Substitute() breaks for lda model

I am running a plain vanilla latent dirichlet allocation model with Numpyro, and I am interested in investigating results once I fix the topic concentration (beta) parameters. I have noticed that 1) if I use substitute() or condition() trying to substitute in a site that does not actually exist in the model, the model runs from scratch and does not throw any error. This can be quite confusing, so I was wondering whether it is intentional; 2) if I substitute in a site that does exist, condition() works while substitute() breaks. As i want to treat beta parameters as data, I thought substitute() would be the most appropriate here, so I wonder what I am doing wrong.

Here the model:

def hmc_simple_model(W, K, alpha, eta):
    D, V = jnp.shape(W)
    N = W.sum(axis = 1)

    with numpyro.plate("topics", K):
        # topic-word distributions
        beta = numpyro.sample("beta", dist.Dirichlet((eta) * jnp.ones([V])))
    with numpyro.plate("docs", D):
        # document-topic distributions
        theta = numpyro.sample("theta", dist.Dirichlet(alpha*jnp.ones([K])))
    ThetaBeta = jnp.matmul(theta, beta)
    distMultinomial = dist.Multinomial(total_count = N, probs = ThetaBeta)
    with numpyro.plate("hist", D):
        numpyro.sample("obs", distMultinomial, obs = W)

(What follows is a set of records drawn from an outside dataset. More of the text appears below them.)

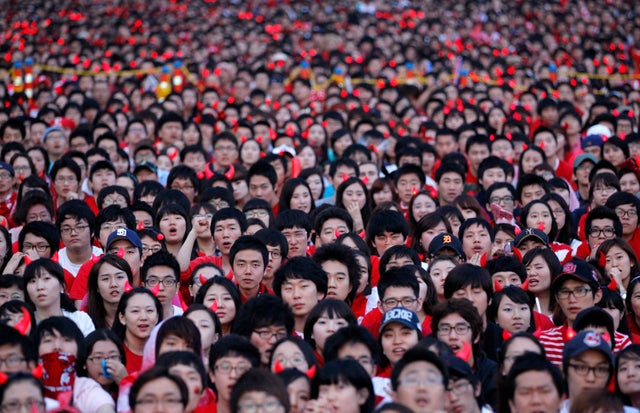 ދުނިޔޭގެ އާބާދީ 8 ބިލިއަނަށް އަރައިފި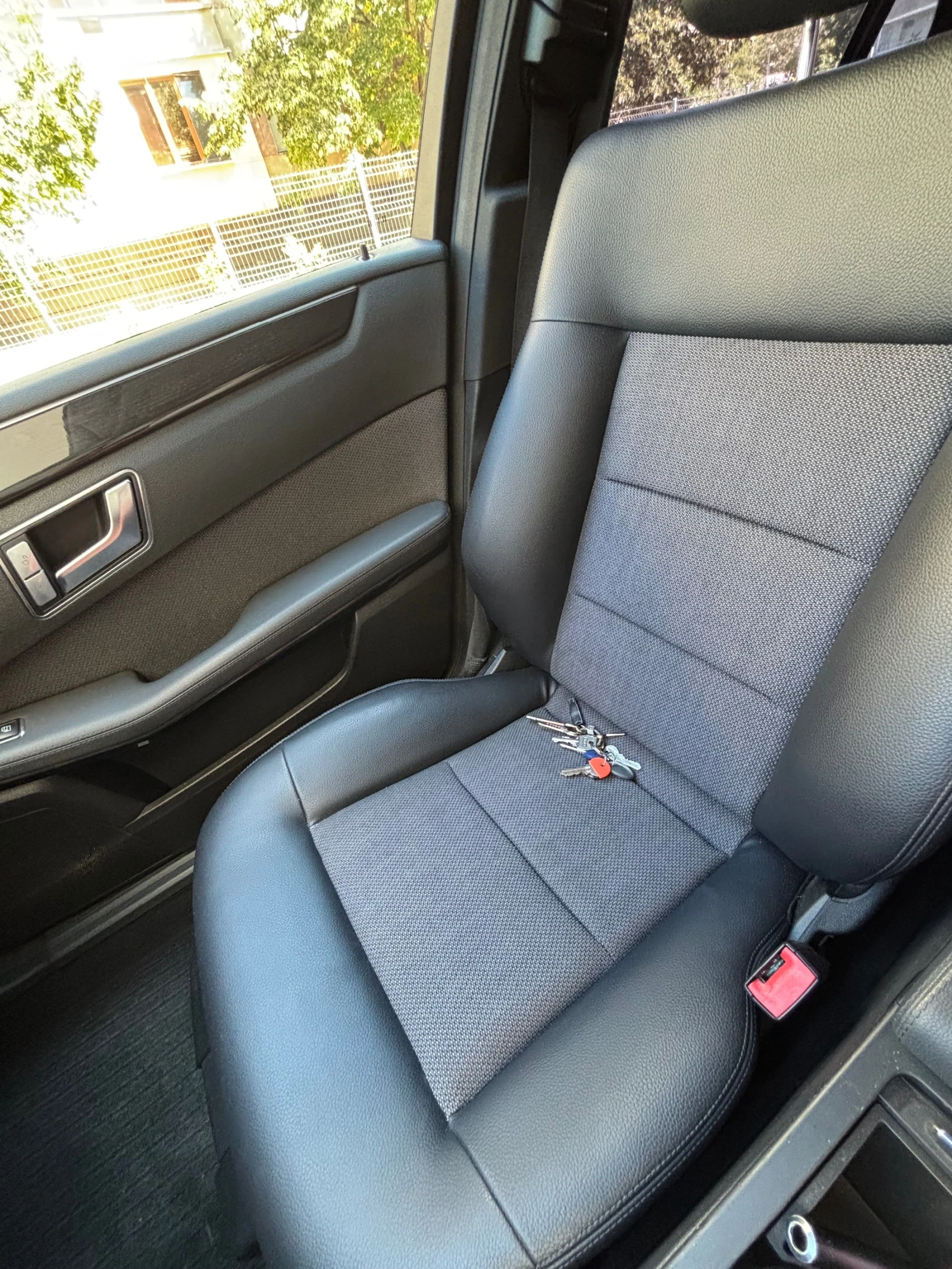 Mercedes-Benz E 200 | Mobile.bg � ����������� 12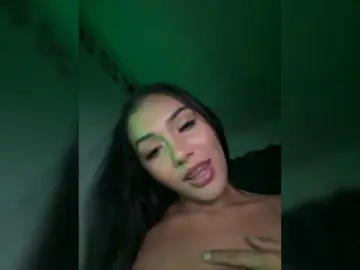 Veneciabom01  live sex cam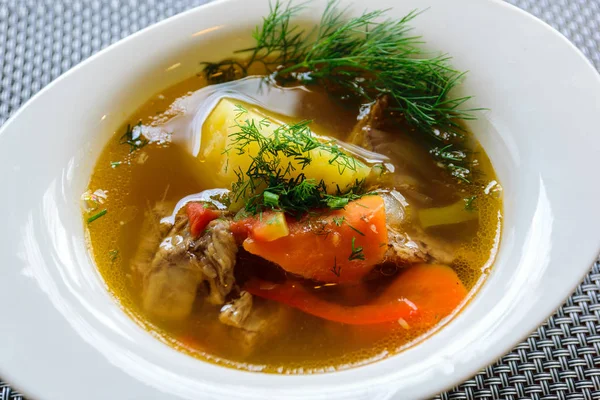 Гарячий суп Шурпа. Смачний ягнячий суп з картоплею та овочами . — стокове фото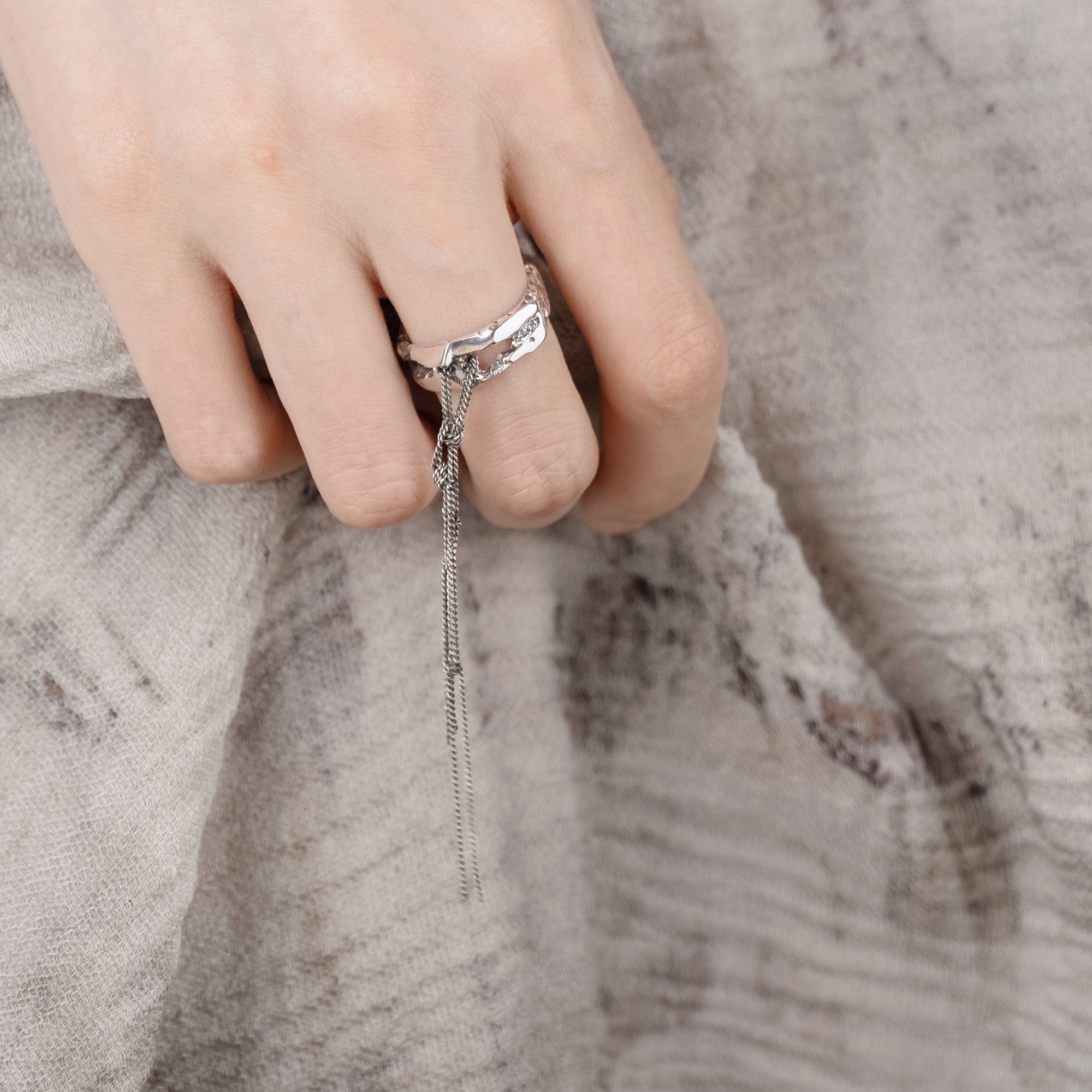 Empress47 Cut-out Tassel Ring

Minimal code for data simulation:

D = 200 # n. documents
V = 3000 # n. terms in the vocabulary
eta = 0.2 # hyperparameter for topic concentrations
alpha = 1 # hyperparameter for document distributions
K = 10 # number of topics

# topic-term distributions
beta = dist.Dirichlet(eta * jnp.ones([V])).expand([K]).sample(Key(8))

# document-topic distributions
theta = dist.Dirichlet(alpha * jnp.ones([K])).expand([D]).sample(Key(89))

thetabeta = jnp.matmul(theta,beta)
N = jnp.floor(dist.Uniform(100,200).expand([D]).sample(Key(2)))

# doc-term matrix 
W = dist.Multinomial(total_count = N, probs = thetabeta).sample(Key(20))

Minimal code for running the model:

n_warmup = 500
n_samples = 500

# substitute (or condition) with non-existent site: this runs
hmc_model_sub = condition(hmc_simple_model, {"not_a_site" : 5})
nuts_kernel_sub = NUTS(hmc_model_sub)
mcmc_sub = MCMC(nuts_kernel_sub, num_warmup=n_warmup, 
                num_samples=n_samples) = Key(75), W = W, eta=eta, K=K, alpha=alpha)

# substitute with existent site: this does not run (while condition runs)
hmc_model_sub = substitute(hmc_simple_model, {"beta" : beta})
nuts_kernel_sub = NUTS(hmc_model_sub)
mcmc_sub = MCMC(nuts_kernel_sub, num_warmup=n_warmup, 
                num_samples=n_samples) = Key(75), W = W, eta=eta, K=K, alpha=alpha)

And below the error I get when trying substitute() with an existent site:

Screenshot 2021-06-02 at 21.09.31

1 Like

It is a bit tricky to explain why the error happens. For your usage case, I believe that condition is what you want (substitute plays no role in defining a model but it can be used for intervention - like what you did). I’ll add a fix to bypass the error (by telling init strategies skip those substituted sites - please help me open a github issue for this :smiley: because it would be nice to have a better error message) but I think that it is not what you want.

I guess you can also use block to block the beta site (this solution is faster than the condition solution)

hmc_model_sub = block(
    substitute(hmc_simple_model, {"beta" : beta}), hide=["beta"])
1 Like

The difference between condition and substitute is a little unclear in the documentation. And Pyro does not have a substitute poutine, I think, so it may be worth clarifying further.

Would it be also possible to write

hmc_model_sub = block(
    condition(hmc_simple_model, {"beta" : beta}), hide=["beta"])

and if so, should the performance be similar?

1 Like

Yes, the performance should be similar, and using block(condition(...)) is better. substitute is mainly used by internal algorithms and we won’t recommend using it for modeling. Under the hood, condition makes sure that the conditioned sample site is observed, as mentioned in docs.


Just to clarify, the github issue would be about allowing substitute to work directly without the need for block, or about throwing a better error when it does not work directly?

I think the issue is to raise a better error/warning message when an init strategy is used with a substituted model.